You can use Provisioning Manager to configure and monitor properties and other settings for each type of provisioning server.
Clients receive incoming provisioning requests and route them to the following Microsoft Provisioning Framework (MPF) components:
Provisioning engines process real-time provisioning requests from clients. Clients can be either standard Component Object Model (COM) clients or Simple Object Access Protocol (SOAP) clients that run on a Web server. With Provisioning Manager, you can configure authentication, impersonation, and other run-time properties to control how provisioning engines establish and maintain client connections.
Queue managers process the queued provisioning requests from clients. These requests are generally scheduled for later processing. With Provisioning Manager, you can configure authentication and impersonation properties to control how queue managers handle queued requests.
Clients also perform load-balancing functions across provisioning engines and queue managers.
For more information on configuring and administering clients, see Administering clients
Provisioning engines are transaction coordinators that execute Microsoft Provisioning Framework (MPF) requests in real time. They receive MPF requests from clients and queue managers, and then attempt to parse, expand, and route the requests to specified providers. Provisioning engines process requests using the run-time properties defined in the configuration database. Provisioning engines maintain contextual information and transaction state. After failures, provisioning engines issue rollback calls and manage rollback data. When a transaction completes or rolls back, the appropriate provisioning engine sends the transaction state to a transaction log.

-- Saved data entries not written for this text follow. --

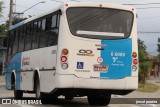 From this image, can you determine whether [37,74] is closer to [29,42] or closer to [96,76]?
[29,42]

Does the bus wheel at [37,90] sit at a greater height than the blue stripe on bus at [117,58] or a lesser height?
lesser

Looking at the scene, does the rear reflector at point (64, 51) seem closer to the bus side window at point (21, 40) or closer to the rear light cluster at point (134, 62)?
the rear light cluster at point (134, 62)

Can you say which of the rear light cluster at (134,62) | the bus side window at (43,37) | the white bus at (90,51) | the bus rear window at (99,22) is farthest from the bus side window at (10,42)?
Result: the rear light cluster at (134,62)

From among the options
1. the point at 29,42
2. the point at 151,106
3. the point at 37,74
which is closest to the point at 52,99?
the point at 37,74

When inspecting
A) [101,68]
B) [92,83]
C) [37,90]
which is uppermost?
[101,68]

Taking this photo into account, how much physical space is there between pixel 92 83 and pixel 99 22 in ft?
6.46

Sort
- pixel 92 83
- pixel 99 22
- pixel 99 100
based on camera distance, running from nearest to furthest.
Result: pixel 92 83
pixel 99 22
pixel 99 100

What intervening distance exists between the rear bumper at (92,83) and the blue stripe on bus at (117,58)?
158 millimetres

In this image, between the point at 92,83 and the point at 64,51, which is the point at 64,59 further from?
the point at 92,83

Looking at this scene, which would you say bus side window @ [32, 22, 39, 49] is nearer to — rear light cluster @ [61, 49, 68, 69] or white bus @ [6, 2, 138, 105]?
white bus @ [6, 2, 138, 105]

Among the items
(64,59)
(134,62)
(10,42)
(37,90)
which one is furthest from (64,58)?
(10,42)

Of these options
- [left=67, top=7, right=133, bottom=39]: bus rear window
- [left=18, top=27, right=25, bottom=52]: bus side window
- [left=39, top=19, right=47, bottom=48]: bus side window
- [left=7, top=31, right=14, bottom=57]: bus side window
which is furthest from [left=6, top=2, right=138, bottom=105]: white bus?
[left=7, top=31, right=14, bottom=57]: bus side window

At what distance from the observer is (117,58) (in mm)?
15234

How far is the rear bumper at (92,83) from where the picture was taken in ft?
47.9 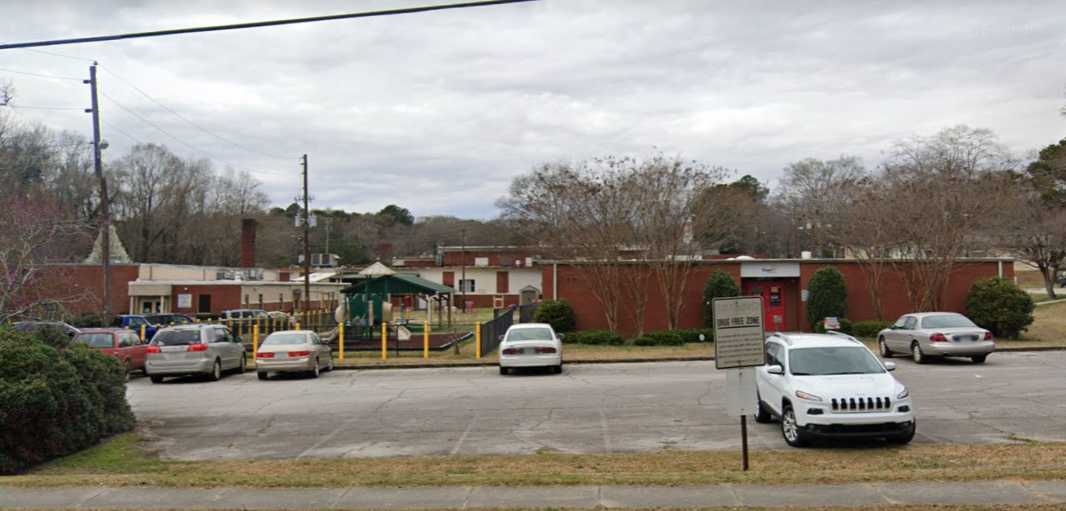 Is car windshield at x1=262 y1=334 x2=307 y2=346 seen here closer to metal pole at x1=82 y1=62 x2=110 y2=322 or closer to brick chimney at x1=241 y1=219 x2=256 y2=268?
metal pole at x1=82 y1=62 x2=110 y2=322

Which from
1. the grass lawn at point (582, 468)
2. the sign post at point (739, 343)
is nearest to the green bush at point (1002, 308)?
the grass lawn at point (582, 468)

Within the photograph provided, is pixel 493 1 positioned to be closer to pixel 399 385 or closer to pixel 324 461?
pixel 324 461

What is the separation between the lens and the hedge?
32250 millimetres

For more information on configuring and administering provisioning engines, see Administering provisioning engines
The Provisioning Queue Manager service runs as a Windows 2000 service. Queue managers act as transaction coordinators for queued requests. Queue managers store Microsoft Provisioning Framework (MPF) requests that do not need to be executed immediately in a queue for later processing. Queue managers forward each queued request to a provisioning engine that has available capacity.
Requests can be submitted to queue managers in activated mode or suspended mode, depending on when they will enter the queue. Activated requests enter the queue immediately. Suspended requests remain pending, sometimes as placeholders for other jobs or because of a dependent action that must first complete.
Queue managers are specific to Microsoft Provisioning Framework (MPF) and not directly related to Message Queuing.
For more information on configuring and administering queue managers, see Administering queue managers
Auditing and recovery managers
The Provisioning Auditing and Recovery Manager service is installed by default when you install the transaction log database component of Microsoft Provisioning Framework (MPF). It then runs as a Windows 2000 service. Each transaction log and audit log is bound to a specific auditing and recovery manager, which constantly monitors MPF components and detects failures in provisioning engines.
For transaction processing, the auditing and recovery manager periodically cleans up the transaction log. For permanent storage, you can set MPF to move selected transactions to the audit log for data warehousing.
Using Custom Audit Provider, you can save audit data to custom tables or manipulate audit data before it goes in the audit log. However, Custom Audit Provider does not verify the existence of custom tables or attributes, if, for example, MPF has permission to write to a custom table in the database.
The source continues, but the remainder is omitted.